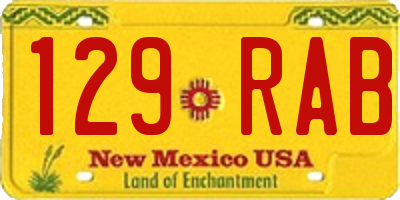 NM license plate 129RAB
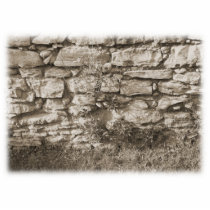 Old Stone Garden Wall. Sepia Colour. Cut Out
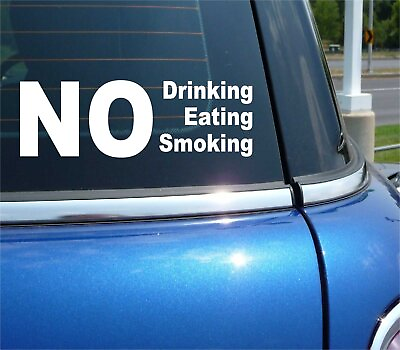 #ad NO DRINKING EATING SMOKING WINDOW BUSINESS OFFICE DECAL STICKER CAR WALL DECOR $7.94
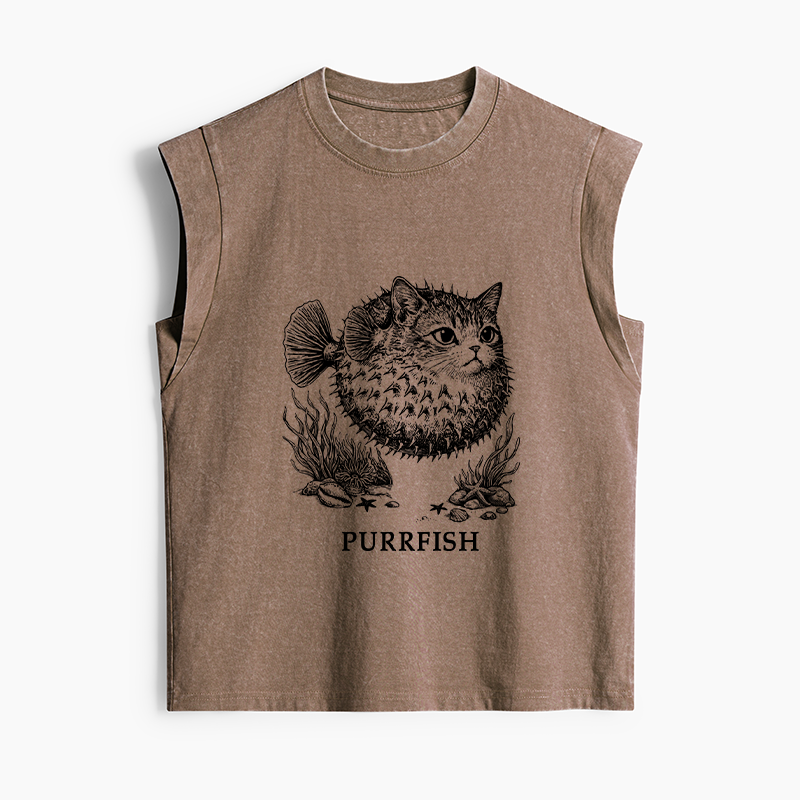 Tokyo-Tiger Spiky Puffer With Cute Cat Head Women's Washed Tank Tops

----------

AIM OF THE TASK ▸
All of the data must be given again exactly, without the pictures.

SOLVED PROBLEM ▸
 NM license plate 129RAB
 Old Stone Garden Wall. Sepia Colour. Cut Out
 #ad NO DRINKING EATING SMOKING WINDOW BUSINESS OFFICE DECAL STICKER CAR WALL DECOR $7.94
 Tokyo-Tiger Spiky Puffer With Cute Cat Head Women's Washed Tank Tops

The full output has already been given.